* **Task brief**: Drop the pictures and repeat exactly from the "Park in Montaza Palace in Alexandria, Egypt." line down to the last line of the entries below.
*** Entries shown Section Begins ***
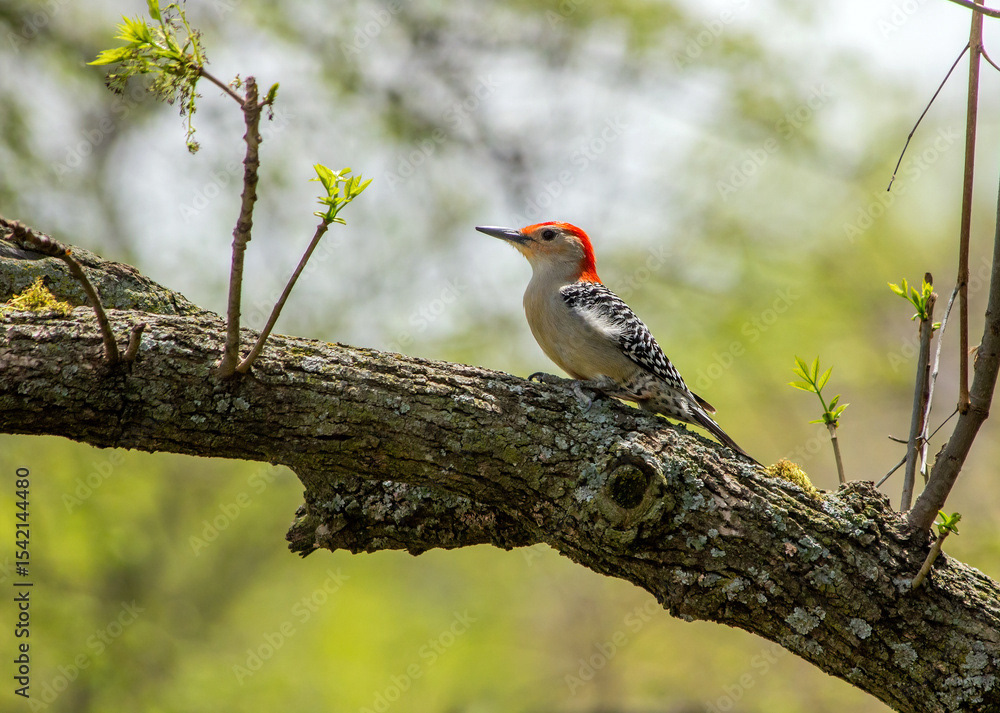 Male Red-bellied Woodpecker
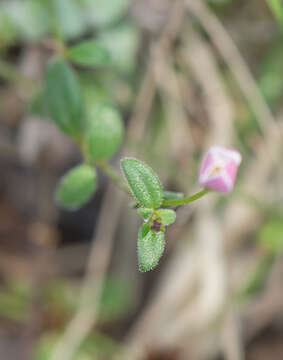 Image of Oldenlandia balfourii Bremek.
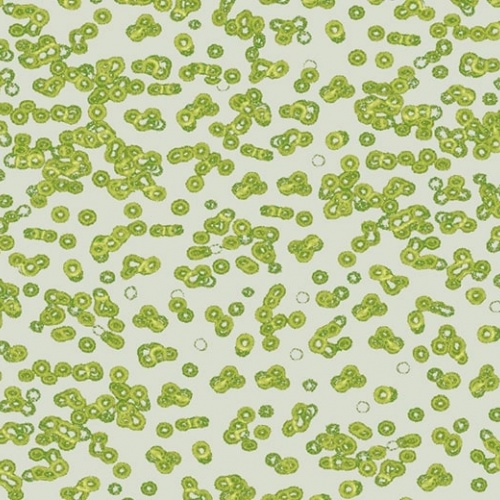 Ковролин Flotex Sottsass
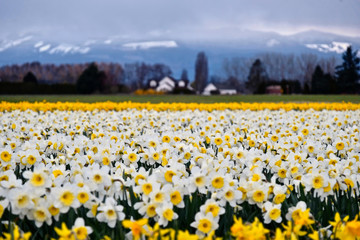 White daffodil fields and snowcapped mountains at the background. Seattle. La Conner. Washington....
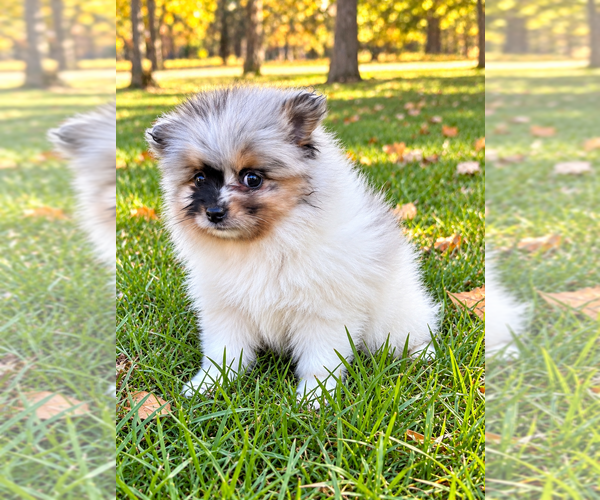 Medium Photo #5 Pomeranian Puppy For Sale in FAIR HAVEN, MI, USA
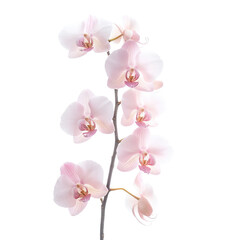 Obraz premium A single pink orchid flower is the main focus of the image. The flower is surrounded by a white background, which emphasizes its delicate and elegant appearance. Concept of tranquility and beauty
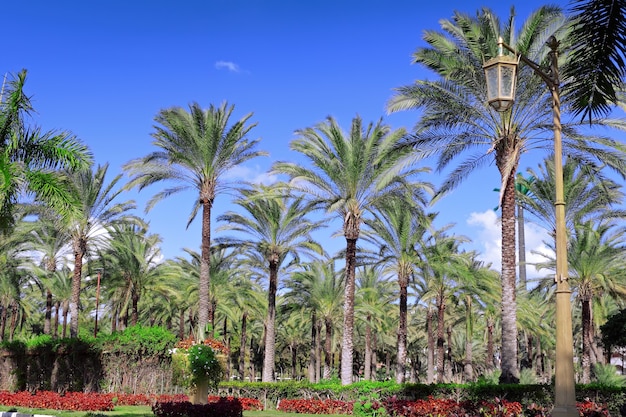 Park in Montaza Palace in Alexandria, Egypt.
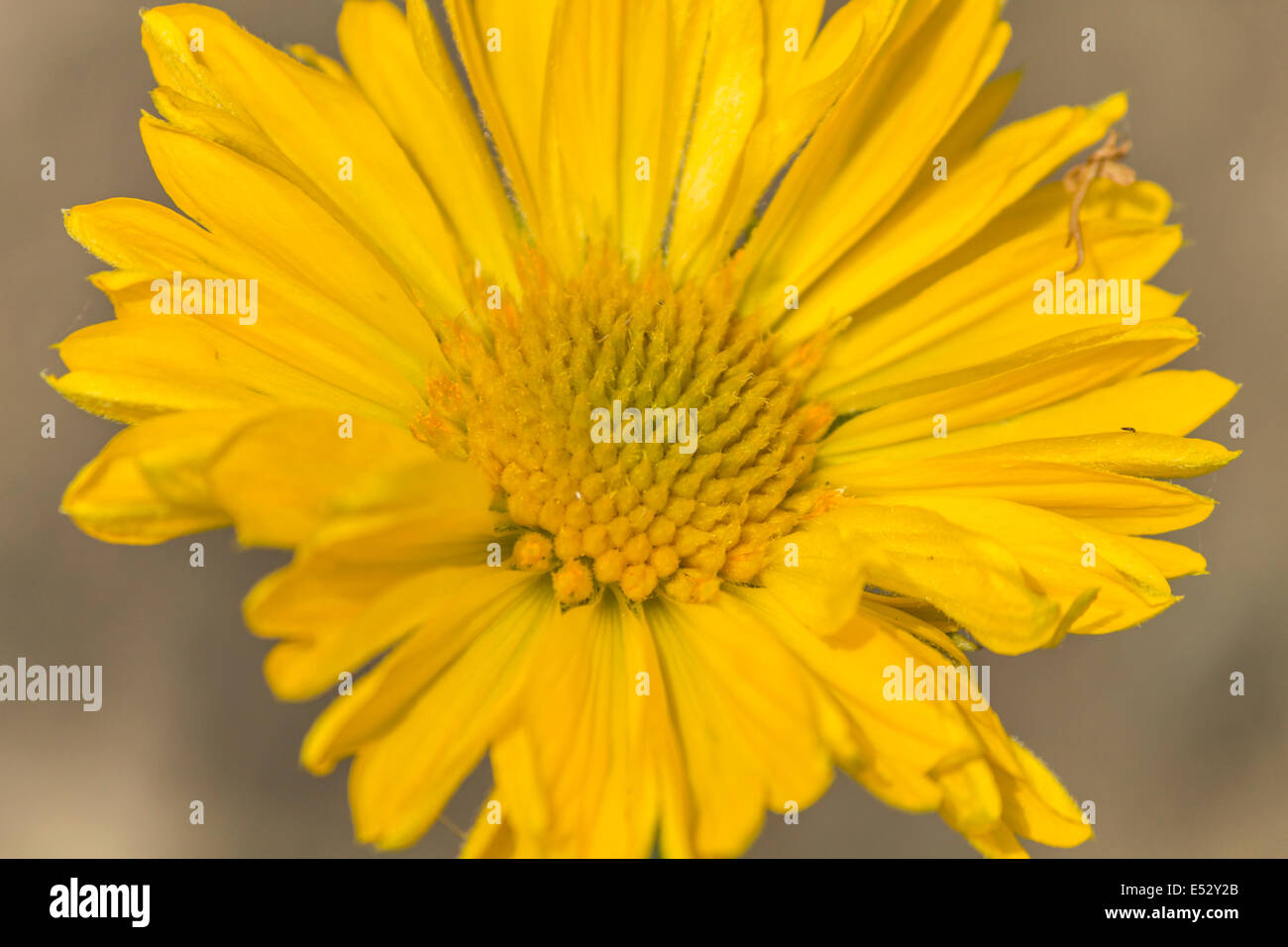 Macro di un fiore giallo in fiore in una giornata di sole Foto Stock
*** Entries shown Section Ends ***
* **Response below**:
 Park in Montaza Palace in Alexandria, Egypt.
 Macro di un fiore giallo in fiore in una giornata di sole Foto Stock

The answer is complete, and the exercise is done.